And MAX BELL tears himself away from the Baron`s presence long enough to check it all out.

Contrary to popular belief, Santa Claus – alias Saint Nicholas – is alive and well and living in Amsterdam.
But did you know that he has a coloured side-kick, too, and hangs around in drag-bars listening to Sam Cooke?
Well, he does – but just to prove that he`s as ubiquitos as ever (and that the pigment of a man`s skin affects his generosity not one jot) their images are displayed together in every shop window around.
Christmas is definitely more commercially muted in Holland than in London. The glitter and sense of exploitation are replaced by an atmosphere of sheer fantasy which permeates everything from the doll-house facades that flank the canals to the Dutch language, apparently a variation on English whereby the insertion of two extra vowels to our equivalent will make the lamest linguist fluent.
Hence telephone becomes telefoon, Great Britain translates to Groot Britagnie and so on. A notable exception to this rule of thumb is the word Sparks which should in theory be Spooks; however they compensate for that by referring to them as “The Sparks,” apparently the case throughout Scandinavia and Northern Europe.

A trip to the red-light district (sheer professional interest of course) reveals the alarming effects of inflation. Unless this is their tea break the girls ain`t exactly busy. They`re sitting propped up in flimsy negligees paring nails and sneering at wide eyed passers-by. Holland may be famous for its cakes and pastries but these tarts don`t seem too hot – though that could be lack of clothes. If you linger too long they get edgy and abusive and the fact that there are more pimps than customers doesn`t make it the healthiest area to buy tulips – not wishing to sustain third degree clog injuries our party returned to the confines of civilisation, in this case The Hotel.
Lunch with Ron and Russell Mael proves to be a time for recuperation after the hardship of a not-so-wonderful flight from Copenhagen. Most of the group are terrified of aeroplanes and a pilot demonstrating the delights of automatic right turns at thirty thousand feet couldn`t have done much for their collective digestive systems.
Only driver Jim-Jam remains as overtly cheerful as usual, chortling at the contradiction of being a coach-driver without a coach, thus able to finish work without starting it and still get paid.
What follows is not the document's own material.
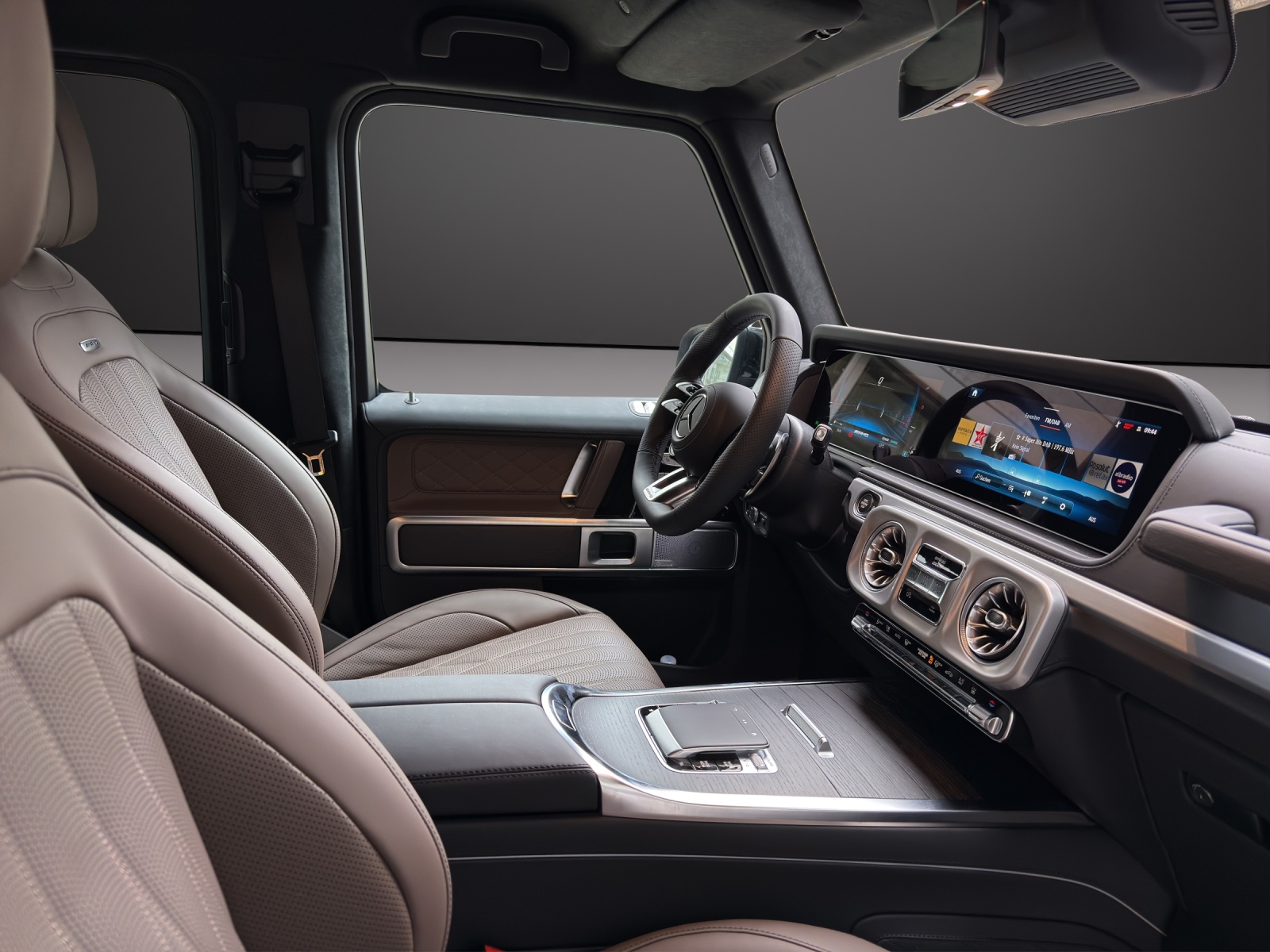 MERCEDES-BENZ G 63 AMG 9G-Tronic-image-11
Two salads and a plate of mussels later Russell revealed that they too may soon become rich by default. Apparently the distributor of publishing royalties for Doris Day in Scandinavia phoned Ron and asked him whether he was Terry Melcher as she had several million krone to get rid of quick because the tax authorities were breathing down her neck. Informed that the moniker was Mael not Melcher she said `have the money anyway` and hung up.
Of more immediate significance is the fact that the current mini-tour has been a riotous success, although the legacy of forty days continuously on the road in England means that antibiotics rather than adulation have kept body and soul together. To prove the point, Trevor White still has tonsilitis.
During the afternoon the Maels went shopping and were able to relax for the first time. Despite their sophisticated appearances Ron and Russell are, in their own words, “The world`s worst tourists.” We spent hours looking at and buying tacky souvenirs; Ron revealed he has a penchant for electric whirring toys, tin ducks and plastic food reproductions, like hamburgers, that squeak when you bite them. They also collect postcards; the poorer the taste the better, so ones of aforementioned young ladies entitled “Window Shopping In Amsterdam” were quickly snapped up as were the brothers by scores of delighted locals, though it was mostly the older ones who ventured to ask for autographs and a chat. It`s perhaps not surprising that such a wide spectrum of people know and like Sparks, particularly when Ron`s distinctive appearance and his famous stage stare (the most peculiar gimmick since Django Reinhardt`s right hand) are worth a thousand yards of lurex.

Sparks are playing a sold-out gig in the Concertgebouw, Amsterdam`s version of a scaled down Albert Hall and usually reserved for classical performances. The walls are engraved with long-dead names and the management are visibly nervous. The Berlin Philharmonic may never get rushed but now the front stage is swarming and the floor is already knee deep in Amstel bottles and butt ends. For anyone who has seen the band in England, tonight`s audience is fascinating, an average age of twenty plus but very hip and getting rapidly high on a thick blanket of green smoke which puts the Roundhouse to shame.
The lights dim to pitch black and suddenly a deafening roar greets the arrival of five shadow figures. Spotlight on Mael senior jabbing the introductory notes to “Talent Is An Asset” and they`re off. It`s immediately noticeable that the acoustics are good and Russell`s voice more so. Whereas his vocals can sometimes be submerged in a welter of noise, now they`re up front all the time – and yet the music is infinitely tougher. This version of “In My Family” dispels any crap that Sparks are a “cute” band, as Trevor`s lead rips into a savage burst of feedback that sends the crowd bananas.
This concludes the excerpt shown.